WHAT THIS TASK INVOLVES >> Only the lines from the one with "Kenzo Boke Blume" to the end of the data, both ends included, should be output, exactly as they stand and without pictures.

DATA BLOCK >>
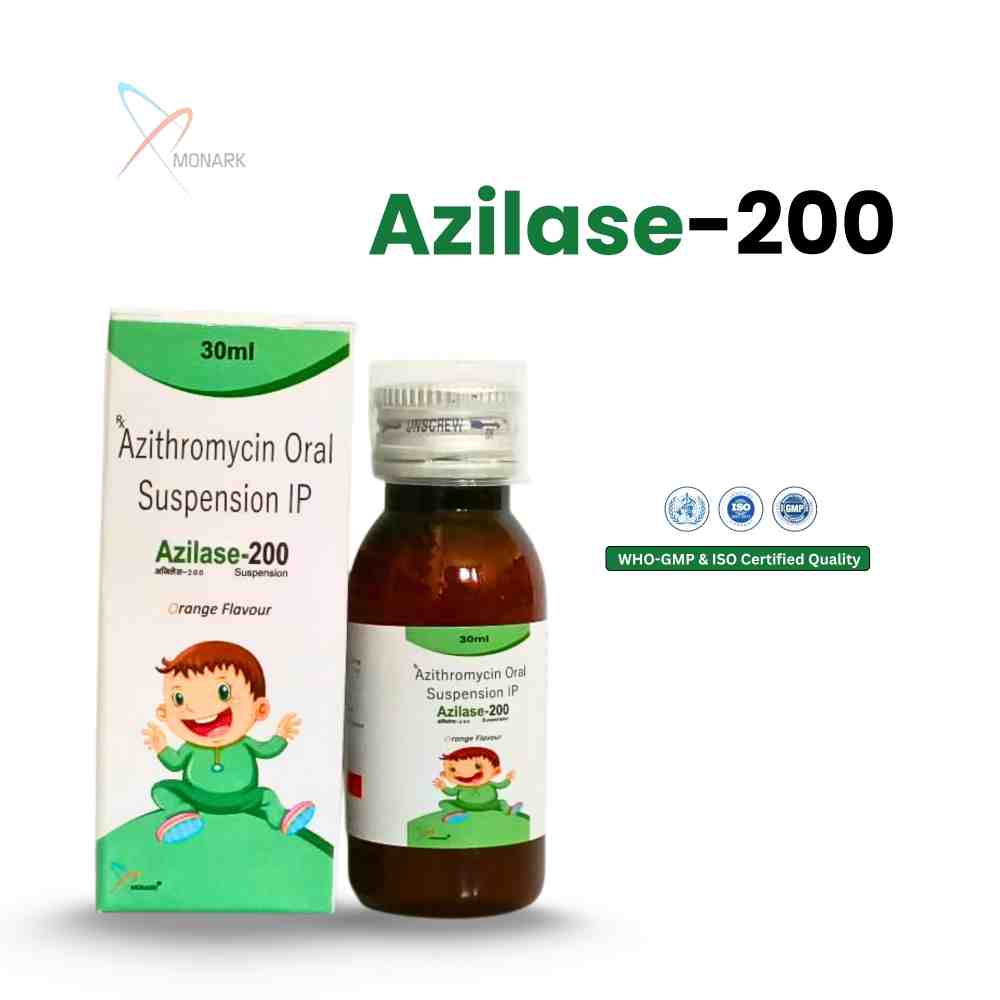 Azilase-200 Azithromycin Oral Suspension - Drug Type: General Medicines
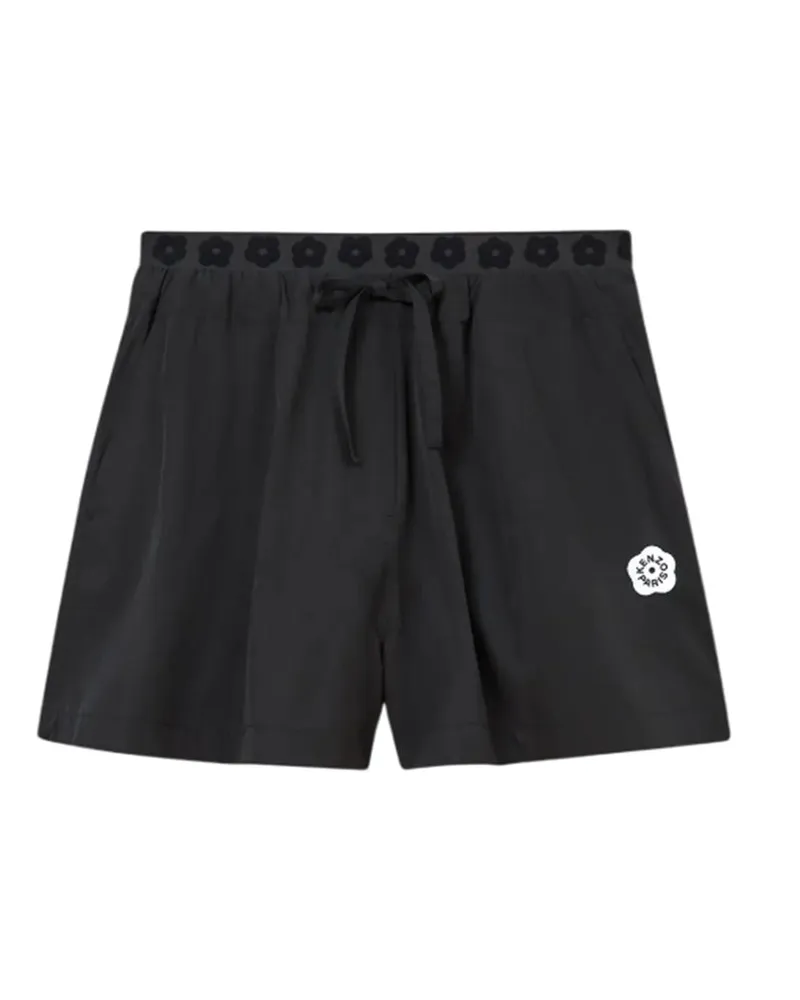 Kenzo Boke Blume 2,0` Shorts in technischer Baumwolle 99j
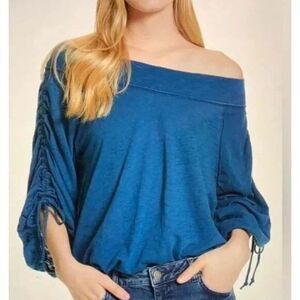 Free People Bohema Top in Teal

RESPONSE FOR THIS EXERCISE >>
 Kenzo Boke Blume 2,0` Shorts in technischer Baumwolle 99j
 Free People Bohema Top in Teal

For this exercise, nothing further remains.